Batch size & gradient accumulation

graph LR A[Training Data] --> B[Architecture] --> C[Hardware & Scale] --> D[Training Step] --> E[Training Loop]:::hl --> F[Post-Training] --> G[Evaluation] classDef hl fill:#2d6a4f,stroke:#1b4332,color:#d8f3dc classDef default fill:#1a1a2e,stroke:#16213e,color:#e0e0e0 click E "/series/training/train-from-scratch/training-loop/"

Global batch size is the total number of tokens processed before the optimizer updates the weights. For Llama 3 70B, Meta reportedly used a global batch size of ~4 million tokens per step (~500 sequences of 8,192 tokens). Across 15T total tokens, that’s roughly 3.75 million training steps. Each step touches all 70B parameters once.

Why large batches?

Two reasons:

Gradient noise. One sequence gives you one gradient — a noisy estimate of which direction to push the weights. Average the gradients from 500 sequences and the noise cancels out. The update is more stable, more representative. Like polling 500 people instead of one.
GPU utilization. A single sequence doesn’t come close to saturating the compute capacity of 72 GPUs. Large batches keep the matrix multiplication units busy. Small batch = GPUs sitting idle between memory accesses.

How 4 million tokens get split across GPUs

The global batch doesn’t fit on one GPU. It gets divided:

Data parallelism splits the batch across GPU groups. With 8 data-parallel replicas, each processes ~500K tokens.
Micro-batch is what a single GPU actually sees per step — maybe 4 sequences of 8,192 tokens = ~32K tokens.

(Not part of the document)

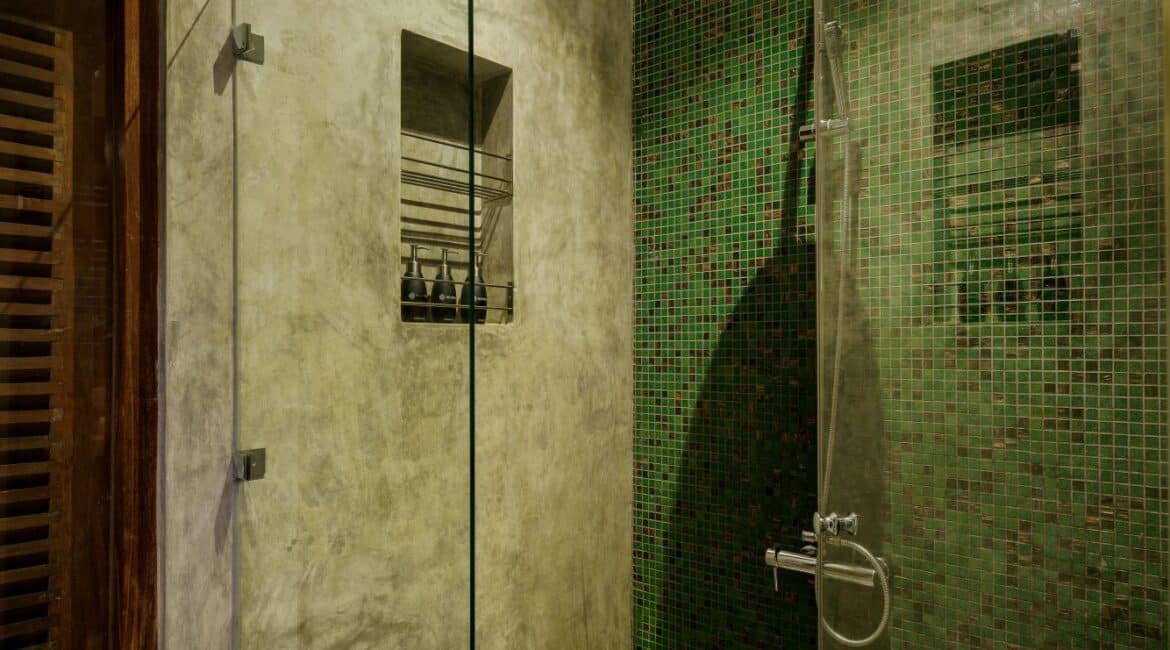 Deluxe Ocean Room at Lantern Boutique Hotel Sri Lanka – en suite bathroom with waterfall shower, WC, and elegant green tiling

Each micro-batch computes its own gradients. Those gradients get averaged across all data-parallel replicas during gradient sync (the all-reduce from phase 5, node 2q). The averaged gradient is what the optimizer uses for the update.

Gradient accumulation

If the micro-batch that fits in GPU memory is still too small relative to the target global batch size, multiple micro-batches run sequentially on each GPU. The gradients accumulate locally before syncing. Instead of one forward+backward pass then sync, you might do 4 forward+backward passes, sum the gradients locally, then sync once. Same math as a larger batch, but fits in memory.

Performance Profile

Compute efficiency: Larger batch size = better GPU utilization. The matrix multiplication units in the Blackwell GPUs are designed for large, regular workloads — bigger batches keep them saturated.
Communication cost: Gradient sync (all-reduce) happens once per optimizer step, not once per micro-batch. Gradient accumulation amortizes that communication cost across multiple forward+backward passes. More accumulation steps = fewer syncs = less time spent on NVLink/InfiniBand.
Memory pressure: Micro-batch size is bounded by GPU memory. Activations from the forward pass must be held until the backward pass completes. Larger micro-batch = more activations in memory simultaneously. This is the primary constraint on how big each GPU’s piece can be.
Convergence tradeoff: Batch size affects learning dynamics. Too small = noisy updates, unstable training. Too large = each step is expensive and the model takes fewer total steps, potentially under-exploring the loss landscape. 4M tokens per step is Meta’s empirical sweet spot for 70B at this scale.
Step count math: 15T tokens / 4M tokens per step = ~3.75M optimizer updates. Each update adjusts all 70B parameters. The total compute cost of training is step count x cost per step.